There’s a lot more to be said about functions in Julia, but this is enough to get started.

Exercises

  1. ⌨ Write a Julia function

    function polyadd(p,q)
    

    that returns the coefficient vector \(r\) for the sum of two polynomials \(p\) and \(q\), specified as vectors of coefficients in increasing degree. You should not assume that p and q are vectors of the same length.

  2. ⌨ In statistics, one defines the variance of sample values \(x_1,\ldots,x_n\) by

    (19)\[ s^2 = \frac{1}{n-1} \sum_{i=1}^n (x_i - \overline{x})^2, \qquad \overline{x} = \frac{1}{n} \sum_{i=1}^n x_i.\]

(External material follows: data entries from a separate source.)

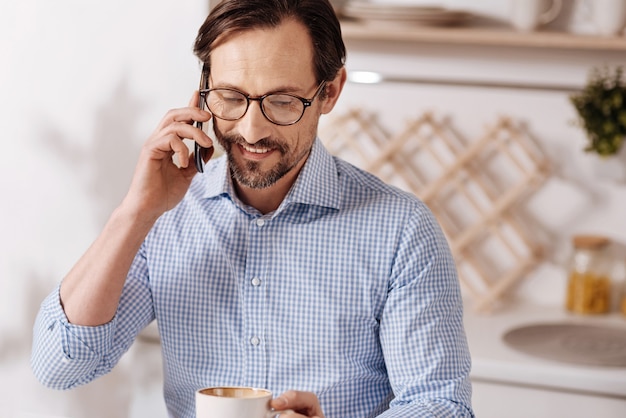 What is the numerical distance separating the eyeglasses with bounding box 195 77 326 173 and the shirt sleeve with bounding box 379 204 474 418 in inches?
9.8

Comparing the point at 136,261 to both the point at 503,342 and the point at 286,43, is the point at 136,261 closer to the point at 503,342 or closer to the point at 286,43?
the point at 286,43

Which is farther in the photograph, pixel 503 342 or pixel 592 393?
pixel 503 342

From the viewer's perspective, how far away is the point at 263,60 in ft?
4.13

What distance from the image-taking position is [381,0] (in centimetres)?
232

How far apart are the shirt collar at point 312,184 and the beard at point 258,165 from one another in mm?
71

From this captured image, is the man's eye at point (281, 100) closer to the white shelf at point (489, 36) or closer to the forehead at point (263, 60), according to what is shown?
the forehead at point (263, 60)

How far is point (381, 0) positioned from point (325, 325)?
45.5 inches

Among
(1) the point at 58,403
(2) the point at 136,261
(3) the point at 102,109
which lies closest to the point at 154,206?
(2) the point at 136,261

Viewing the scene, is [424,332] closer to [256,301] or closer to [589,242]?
[256,301]

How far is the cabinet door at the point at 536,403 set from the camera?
183cm

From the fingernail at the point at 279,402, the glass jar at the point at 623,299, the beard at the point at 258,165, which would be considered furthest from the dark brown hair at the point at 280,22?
the glass jar at the point at 623,299

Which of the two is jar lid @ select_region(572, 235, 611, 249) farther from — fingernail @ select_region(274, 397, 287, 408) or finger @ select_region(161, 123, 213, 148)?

    Write a Julia function

    function samplevar(x)
    

    that takes as input a vector x of any length and returns \(s^2\) as calculated by the formula. You should test your function on some artificial data. If you enter using Statistics in Julia, then you can compare to results of the var function.

  3. ⌨ Let x and y be vectors whose entries give the coordinates of the vertices of a polygon, given in counterclockwise order. Write a function

    function polyarea(x,y)
    

    that computes the area of the polygon, using this formula based on Green’s theorem:

    \[A = \frac{1}{2} \left| \sum_{k=1}^n x_k y_{k+1} - x_{k+1}y_k \right|.\]

    Here \(n\) is the number of polygon vertices, and by definition, \(x_{n+1}=x_1\) and \(y_{n+1}=y_1\). Test your functions on a square and an equilateral triangle.